Task material
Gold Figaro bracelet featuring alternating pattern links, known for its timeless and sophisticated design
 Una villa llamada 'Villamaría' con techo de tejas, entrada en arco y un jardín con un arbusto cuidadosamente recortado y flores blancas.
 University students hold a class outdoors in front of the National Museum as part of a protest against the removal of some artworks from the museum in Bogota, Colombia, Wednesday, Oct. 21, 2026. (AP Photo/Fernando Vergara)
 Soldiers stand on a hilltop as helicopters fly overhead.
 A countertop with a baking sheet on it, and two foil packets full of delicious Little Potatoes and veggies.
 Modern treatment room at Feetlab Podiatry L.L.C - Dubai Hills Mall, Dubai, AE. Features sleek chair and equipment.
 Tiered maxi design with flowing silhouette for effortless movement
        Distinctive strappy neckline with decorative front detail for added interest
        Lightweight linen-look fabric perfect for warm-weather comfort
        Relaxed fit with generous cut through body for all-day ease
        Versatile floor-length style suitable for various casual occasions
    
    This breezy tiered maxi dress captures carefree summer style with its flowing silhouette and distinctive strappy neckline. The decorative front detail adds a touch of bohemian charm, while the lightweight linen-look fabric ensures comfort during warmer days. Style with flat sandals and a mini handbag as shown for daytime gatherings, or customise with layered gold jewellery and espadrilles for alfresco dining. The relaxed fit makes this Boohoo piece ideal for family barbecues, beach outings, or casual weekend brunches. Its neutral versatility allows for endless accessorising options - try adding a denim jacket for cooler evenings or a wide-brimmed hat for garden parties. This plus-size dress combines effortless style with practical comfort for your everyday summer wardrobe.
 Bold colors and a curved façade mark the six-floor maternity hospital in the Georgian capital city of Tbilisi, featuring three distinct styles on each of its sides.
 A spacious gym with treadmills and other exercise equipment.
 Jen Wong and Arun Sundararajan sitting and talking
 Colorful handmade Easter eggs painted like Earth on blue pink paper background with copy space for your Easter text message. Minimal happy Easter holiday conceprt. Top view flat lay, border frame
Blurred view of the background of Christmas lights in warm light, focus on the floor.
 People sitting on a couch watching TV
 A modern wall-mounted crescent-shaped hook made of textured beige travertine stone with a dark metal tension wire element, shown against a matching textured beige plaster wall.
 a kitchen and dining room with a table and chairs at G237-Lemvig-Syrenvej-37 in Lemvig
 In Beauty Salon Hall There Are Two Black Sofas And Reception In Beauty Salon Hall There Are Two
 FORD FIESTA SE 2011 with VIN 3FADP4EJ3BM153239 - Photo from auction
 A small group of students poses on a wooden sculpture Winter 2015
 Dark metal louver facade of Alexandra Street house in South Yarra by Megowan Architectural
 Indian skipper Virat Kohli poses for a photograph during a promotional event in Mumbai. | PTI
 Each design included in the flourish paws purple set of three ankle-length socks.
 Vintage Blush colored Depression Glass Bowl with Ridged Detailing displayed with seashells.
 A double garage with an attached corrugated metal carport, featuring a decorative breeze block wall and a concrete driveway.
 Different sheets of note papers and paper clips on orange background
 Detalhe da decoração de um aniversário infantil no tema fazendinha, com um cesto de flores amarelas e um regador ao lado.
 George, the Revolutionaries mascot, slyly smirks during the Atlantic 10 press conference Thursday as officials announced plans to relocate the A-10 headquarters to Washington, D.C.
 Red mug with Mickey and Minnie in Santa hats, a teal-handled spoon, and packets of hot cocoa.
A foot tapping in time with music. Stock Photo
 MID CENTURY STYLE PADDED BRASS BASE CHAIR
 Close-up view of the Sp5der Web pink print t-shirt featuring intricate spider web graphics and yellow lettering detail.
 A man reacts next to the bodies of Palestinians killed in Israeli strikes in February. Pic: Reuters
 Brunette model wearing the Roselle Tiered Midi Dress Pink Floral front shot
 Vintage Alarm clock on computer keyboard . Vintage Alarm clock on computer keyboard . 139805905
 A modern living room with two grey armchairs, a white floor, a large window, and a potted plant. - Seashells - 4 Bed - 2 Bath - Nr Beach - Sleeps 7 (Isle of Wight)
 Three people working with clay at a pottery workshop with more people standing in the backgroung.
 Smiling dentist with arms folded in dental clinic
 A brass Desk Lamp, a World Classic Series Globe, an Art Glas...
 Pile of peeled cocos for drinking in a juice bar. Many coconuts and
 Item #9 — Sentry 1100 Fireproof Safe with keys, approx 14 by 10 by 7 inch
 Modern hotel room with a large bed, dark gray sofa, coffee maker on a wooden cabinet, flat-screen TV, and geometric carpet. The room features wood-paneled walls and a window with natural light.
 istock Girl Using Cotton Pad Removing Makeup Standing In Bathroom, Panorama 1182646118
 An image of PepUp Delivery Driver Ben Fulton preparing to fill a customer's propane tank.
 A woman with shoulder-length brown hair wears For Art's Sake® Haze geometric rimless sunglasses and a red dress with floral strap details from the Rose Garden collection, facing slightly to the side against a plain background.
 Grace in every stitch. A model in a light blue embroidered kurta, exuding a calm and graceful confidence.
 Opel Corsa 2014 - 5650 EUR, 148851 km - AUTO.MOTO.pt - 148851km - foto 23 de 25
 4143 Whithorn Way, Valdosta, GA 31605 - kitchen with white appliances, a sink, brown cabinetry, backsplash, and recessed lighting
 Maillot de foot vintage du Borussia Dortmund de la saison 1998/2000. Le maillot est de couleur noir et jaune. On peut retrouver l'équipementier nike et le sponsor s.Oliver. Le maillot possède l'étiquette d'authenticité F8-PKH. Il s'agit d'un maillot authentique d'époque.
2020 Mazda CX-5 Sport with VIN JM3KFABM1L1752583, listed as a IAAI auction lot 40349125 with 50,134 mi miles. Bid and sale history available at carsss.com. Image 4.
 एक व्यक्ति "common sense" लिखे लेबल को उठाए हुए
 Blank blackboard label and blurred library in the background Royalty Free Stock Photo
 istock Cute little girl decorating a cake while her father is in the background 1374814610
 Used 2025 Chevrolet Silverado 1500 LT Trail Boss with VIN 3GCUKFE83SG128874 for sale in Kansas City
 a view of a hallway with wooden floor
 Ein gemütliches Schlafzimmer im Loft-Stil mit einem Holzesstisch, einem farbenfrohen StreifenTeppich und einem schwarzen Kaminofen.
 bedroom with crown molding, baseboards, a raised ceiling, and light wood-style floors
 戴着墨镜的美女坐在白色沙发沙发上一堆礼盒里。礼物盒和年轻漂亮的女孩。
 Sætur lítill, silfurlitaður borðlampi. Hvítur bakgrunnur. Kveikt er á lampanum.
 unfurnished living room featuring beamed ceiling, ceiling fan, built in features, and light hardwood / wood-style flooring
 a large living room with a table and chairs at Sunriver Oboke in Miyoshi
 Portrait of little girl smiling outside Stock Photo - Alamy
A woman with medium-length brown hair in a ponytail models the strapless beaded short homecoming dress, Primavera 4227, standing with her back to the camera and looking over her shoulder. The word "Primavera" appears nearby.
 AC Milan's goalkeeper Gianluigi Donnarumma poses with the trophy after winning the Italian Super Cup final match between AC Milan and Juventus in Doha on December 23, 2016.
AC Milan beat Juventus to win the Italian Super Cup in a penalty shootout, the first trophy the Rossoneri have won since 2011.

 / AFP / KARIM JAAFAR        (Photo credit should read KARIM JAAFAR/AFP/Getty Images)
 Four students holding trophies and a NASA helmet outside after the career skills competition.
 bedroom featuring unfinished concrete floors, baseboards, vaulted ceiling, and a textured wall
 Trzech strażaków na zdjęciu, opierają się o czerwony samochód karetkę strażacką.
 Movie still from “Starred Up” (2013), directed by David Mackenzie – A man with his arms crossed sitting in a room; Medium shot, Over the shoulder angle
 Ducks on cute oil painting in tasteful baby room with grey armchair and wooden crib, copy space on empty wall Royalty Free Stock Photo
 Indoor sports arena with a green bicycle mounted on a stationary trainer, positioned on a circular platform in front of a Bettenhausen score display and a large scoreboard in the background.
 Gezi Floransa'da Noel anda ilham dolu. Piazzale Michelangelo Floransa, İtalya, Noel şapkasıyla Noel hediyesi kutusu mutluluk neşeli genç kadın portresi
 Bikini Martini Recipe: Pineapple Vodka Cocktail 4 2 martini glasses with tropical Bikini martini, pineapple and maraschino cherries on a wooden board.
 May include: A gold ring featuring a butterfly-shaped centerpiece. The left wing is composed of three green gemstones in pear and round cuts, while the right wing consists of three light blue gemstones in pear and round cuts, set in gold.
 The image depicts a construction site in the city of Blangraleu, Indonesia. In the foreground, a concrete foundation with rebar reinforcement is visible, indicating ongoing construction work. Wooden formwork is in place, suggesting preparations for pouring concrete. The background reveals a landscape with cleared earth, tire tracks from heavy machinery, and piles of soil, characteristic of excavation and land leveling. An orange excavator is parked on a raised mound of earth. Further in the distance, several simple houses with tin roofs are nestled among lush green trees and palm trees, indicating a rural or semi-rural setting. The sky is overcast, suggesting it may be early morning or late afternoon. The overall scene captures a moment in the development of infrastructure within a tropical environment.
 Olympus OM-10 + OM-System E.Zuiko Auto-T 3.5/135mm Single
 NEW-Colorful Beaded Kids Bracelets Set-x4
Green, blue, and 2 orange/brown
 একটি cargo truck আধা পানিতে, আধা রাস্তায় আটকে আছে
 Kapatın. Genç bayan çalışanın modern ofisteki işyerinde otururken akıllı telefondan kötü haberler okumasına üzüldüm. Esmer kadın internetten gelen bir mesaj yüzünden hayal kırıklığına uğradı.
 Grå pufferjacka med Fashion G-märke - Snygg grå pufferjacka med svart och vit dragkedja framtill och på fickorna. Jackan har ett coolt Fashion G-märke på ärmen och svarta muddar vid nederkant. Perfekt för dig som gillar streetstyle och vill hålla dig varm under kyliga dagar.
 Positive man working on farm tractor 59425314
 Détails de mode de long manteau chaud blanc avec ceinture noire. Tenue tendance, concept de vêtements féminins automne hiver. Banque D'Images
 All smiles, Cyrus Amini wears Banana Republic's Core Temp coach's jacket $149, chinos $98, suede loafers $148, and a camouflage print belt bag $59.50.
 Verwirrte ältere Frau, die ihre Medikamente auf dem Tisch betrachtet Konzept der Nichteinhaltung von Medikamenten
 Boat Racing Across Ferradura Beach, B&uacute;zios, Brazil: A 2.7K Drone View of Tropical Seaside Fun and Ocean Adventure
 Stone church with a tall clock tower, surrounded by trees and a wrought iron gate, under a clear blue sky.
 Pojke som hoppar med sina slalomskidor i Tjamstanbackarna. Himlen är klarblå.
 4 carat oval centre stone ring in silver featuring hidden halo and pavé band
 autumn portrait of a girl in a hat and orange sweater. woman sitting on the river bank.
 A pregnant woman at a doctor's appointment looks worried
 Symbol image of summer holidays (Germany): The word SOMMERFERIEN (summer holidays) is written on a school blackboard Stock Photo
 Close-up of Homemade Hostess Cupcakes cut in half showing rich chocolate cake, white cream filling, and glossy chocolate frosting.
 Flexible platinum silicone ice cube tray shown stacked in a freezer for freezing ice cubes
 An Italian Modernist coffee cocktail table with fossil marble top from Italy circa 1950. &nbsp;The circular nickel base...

Exercise brief
If a line in the material holds "circular", copy it.

Answer space
 Indoor sports arena with a green bicycle mounted on a stationary trainer, positioned on a circular platform in front of a Bettenhausen score display and a large scoreboard in the background.
 An Italian Modernist coffee cocktail table with fossil marble top from Italy circa 1950. &nbsp;The circular nickel base...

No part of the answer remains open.